Apache Spark : Secondary Sorting in Spark in Java

Chandra Prakash
Feb 18 · 5 min read

We all might have seen secondary sorting in Mapreduce/Hadoop and its key implementation. There are enough information and blogs available on this. Let’s learn how secondary sorting can be achieved using Spark in Java.

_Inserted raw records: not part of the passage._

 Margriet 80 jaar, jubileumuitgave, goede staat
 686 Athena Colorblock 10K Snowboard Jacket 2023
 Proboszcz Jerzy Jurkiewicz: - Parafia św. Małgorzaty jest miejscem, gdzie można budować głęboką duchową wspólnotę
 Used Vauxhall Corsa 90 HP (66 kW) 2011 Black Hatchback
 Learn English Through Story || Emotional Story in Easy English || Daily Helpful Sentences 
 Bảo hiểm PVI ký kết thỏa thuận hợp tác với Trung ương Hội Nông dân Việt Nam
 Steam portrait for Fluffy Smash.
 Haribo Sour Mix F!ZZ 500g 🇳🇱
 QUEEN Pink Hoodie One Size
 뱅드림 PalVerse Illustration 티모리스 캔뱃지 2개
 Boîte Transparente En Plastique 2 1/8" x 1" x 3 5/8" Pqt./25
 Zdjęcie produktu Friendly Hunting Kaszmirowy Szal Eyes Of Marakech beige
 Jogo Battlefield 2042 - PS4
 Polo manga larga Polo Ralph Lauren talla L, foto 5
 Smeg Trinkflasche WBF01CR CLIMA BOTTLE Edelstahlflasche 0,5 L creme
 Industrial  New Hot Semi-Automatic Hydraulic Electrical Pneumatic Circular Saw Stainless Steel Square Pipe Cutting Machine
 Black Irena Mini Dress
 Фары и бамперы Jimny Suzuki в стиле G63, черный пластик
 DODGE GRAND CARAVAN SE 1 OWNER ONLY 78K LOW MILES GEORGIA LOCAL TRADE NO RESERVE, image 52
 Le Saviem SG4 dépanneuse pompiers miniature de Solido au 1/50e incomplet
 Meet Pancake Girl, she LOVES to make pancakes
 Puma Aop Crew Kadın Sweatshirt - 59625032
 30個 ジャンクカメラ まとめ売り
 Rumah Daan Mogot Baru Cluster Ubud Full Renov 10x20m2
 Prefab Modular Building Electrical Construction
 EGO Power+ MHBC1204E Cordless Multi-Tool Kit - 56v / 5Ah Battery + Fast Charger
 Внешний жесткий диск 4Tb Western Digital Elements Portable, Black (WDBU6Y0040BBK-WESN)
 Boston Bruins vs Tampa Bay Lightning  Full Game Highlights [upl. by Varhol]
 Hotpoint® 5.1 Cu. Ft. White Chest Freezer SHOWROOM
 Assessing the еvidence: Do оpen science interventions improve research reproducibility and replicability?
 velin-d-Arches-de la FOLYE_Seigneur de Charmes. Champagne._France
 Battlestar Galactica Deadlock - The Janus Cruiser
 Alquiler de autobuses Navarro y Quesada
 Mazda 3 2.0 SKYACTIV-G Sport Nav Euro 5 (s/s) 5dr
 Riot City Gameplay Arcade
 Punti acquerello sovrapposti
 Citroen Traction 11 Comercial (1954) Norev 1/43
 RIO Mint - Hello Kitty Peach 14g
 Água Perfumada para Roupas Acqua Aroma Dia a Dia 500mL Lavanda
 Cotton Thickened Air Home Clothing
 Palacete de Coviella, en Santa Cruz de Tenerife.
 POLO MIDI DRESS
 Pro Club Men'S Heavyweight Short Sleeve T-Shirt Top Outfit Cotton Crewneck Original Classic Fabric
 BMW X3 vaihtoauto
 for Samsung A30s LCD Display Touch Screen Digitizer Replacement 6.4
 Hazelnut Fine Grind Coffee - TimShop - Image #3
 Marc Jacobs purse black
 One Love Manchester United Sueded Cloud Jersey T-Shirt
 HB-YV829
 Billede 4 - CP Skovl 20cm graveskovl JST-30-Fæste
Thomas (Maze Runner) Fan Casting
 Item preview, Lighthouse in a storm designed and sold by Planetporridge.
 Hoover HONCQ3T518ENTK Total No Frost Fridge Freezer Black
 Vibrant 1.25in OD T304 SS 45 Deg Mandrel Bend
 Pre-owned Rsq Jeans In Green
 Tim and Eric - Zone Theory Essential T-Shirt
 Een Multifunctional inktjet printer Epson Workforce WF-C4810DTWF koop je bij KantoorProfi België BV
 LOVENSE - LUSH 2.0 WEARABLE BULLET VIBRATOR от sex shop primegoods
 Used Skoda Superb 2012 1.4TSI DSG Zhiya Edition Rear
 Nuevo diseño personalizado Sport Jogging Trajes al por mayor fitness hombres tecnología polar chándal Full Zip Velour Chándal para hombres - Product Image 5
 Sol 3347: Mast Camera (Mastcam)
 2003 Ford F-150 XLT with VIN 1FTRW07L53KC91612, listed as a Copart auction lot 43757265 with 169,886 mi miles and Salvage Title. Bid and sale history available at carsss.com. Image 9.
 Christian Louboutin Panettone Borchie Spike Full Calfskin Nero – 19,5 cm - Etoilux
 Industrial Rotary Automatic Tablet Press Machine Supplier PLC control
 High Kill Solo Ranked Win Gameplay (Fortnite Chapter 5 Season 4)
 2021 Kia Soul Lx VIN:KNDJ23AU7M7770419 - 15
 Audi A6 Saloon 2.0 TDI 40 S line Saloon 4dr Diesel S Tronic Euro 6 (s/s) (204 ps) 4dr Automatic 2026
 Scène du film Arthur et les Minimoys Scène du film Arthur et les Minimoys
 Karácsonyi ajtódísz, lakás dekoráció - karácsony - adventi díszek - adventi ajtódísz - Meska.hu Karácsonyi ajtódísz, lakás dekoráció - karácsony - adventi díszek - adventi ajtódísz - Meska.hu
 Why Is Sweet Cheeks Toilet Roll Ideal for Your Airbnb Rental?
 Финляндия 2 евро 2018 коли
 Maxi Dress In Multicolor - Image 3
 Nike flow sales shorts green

Before we go ahead, you can refer the dataset from here — https://www.kaggle.com/bhoomika216/airline-dataset-for-analysis?select=FINALdata1.csv

As per the definition, secondary sorting problem relates to sorting values associated with a key in the reduce phase. Sometimes, it is called value-to-key conversion. The secondary sorting technique will enable us to sort the values (in ascending or descending order) passed to each reducer. In simple terms, you can relate it to ORDER BY in sql. Also, It relies on using a Composite Key which will contain all the values we want to use for sorting. Now, using this dataset which you might have downloaded from kaggle, we will try to achieve secondary sorting. Let’s head into that now, The data we are using is the airline on-time performance data and also there are several data points available, but we’ll focus on which airlines have the most late arrivals and at which airport these late arrivals occur. From this statement, we can determine our sort order: AirlineId (or UNIQUE_CARRIER), AirportId (or DEST_AIRPORT_ID) and delay time(or ARR_DELAY). I mean to say — ORDER BY (UNIQUE_CARRIER) ASC, (DEST_AIRPORT_ID) ASC, ARR_DELAY DESC. Before we jump into code, we need to understand the approaches first, there are at least two possible approaches for sorting the reducer values. These solutions may be applied to both the MapReduce/Hadoop and Spark frameworks.

1st Approach —

Performing Secondary Sorting in Memory or In Reducer Sort

In this approach, we collect the grouped data at each reducer’s node/executor, it will get buffered and sorted in memory (using Java’s Collections.sort()). There is a scalability issue with this approach because of the in memory sort. As soon as the grouped data will exceed the reducer’s node/executor’s memory then an Out of Memory exception will be thrown and hence job will fail. It will work with low size dataset.

2nd Approach —

Performing Secondary Sorting Using Spark Framework or In shuffle sort

In this approach, we will first understand — “Composite Key”. A composite key is formed when a value from the payload is promoted and is appended to the key or natural key. Let’s discuss more on this —

Input Format

The input data is in CSV format and have below columns, those in bold are our values on which secondary sorting will be applied :

DAY_OF_MONTH, DAY_OF_WEEK FL_DATE, UNIQUE_CARRIER, CARRIER ORIGIN_AIRPORT_ID, ORIGIN_CITY_MARKET_ID, ORIGIN_STATE_ABR, DEST_AIRPORT_ID, DEST_CITY_MARKET_ID, DEST_STATE_ABR, CRS_DEP_TIME, DEP_TIME, DEP_DELAY_NEW, TAXI_OUT, WHEELS_OFF, WHEELS_ON, TAXI_IN, CRS_ARR_TIME, ARR_TIME, ARR_DELAY, CANCELLED, CANCELLATION_CODE DIVERTED

Secondary sorting will be applied in similar to — ORDER BY (UNIQUE_CARRIER) ASC, (DEST_AIRPORT_ID) ASC, ARR_DELAY DESC;

Composite Key will be like

The ‘natural’ key here is the UNIQUE_CARRIER and DEST_AIRPORT_ID and ARR_DELAY are the values which we’ll include our natural key. Defining the composite key (by adding the DEST_AIRPORT_ID and ARR_DELAY to the natural key i,e UNIQUE_CARRIER) enables us to sort the reducer values using the Spark framework, i,e the system shuffle will first sort by the first part of the key and then by the second. We will see how we can achieve this in Spark, for now, just remember that we have something called — “repartitionAndSortWithinPartitions()” since Spark 1.2. Let’s look at code now to understand what exactly has been done.

CustomKey class -

Creating the Key-Value Pairs

The data is in CSV format and will be converted into key-value format. The important part of secondary sorting is which value(s) to include in the key to enable the additional ordering. The ‘natural’ key is the UNIQUE_CARRIER and DEST_AIRPORT_ID and ARR_DELAY are the values we’ll include in the key. Same has been done in code using — javaRDD.map() and map.mapToPair(), please refer above code for these.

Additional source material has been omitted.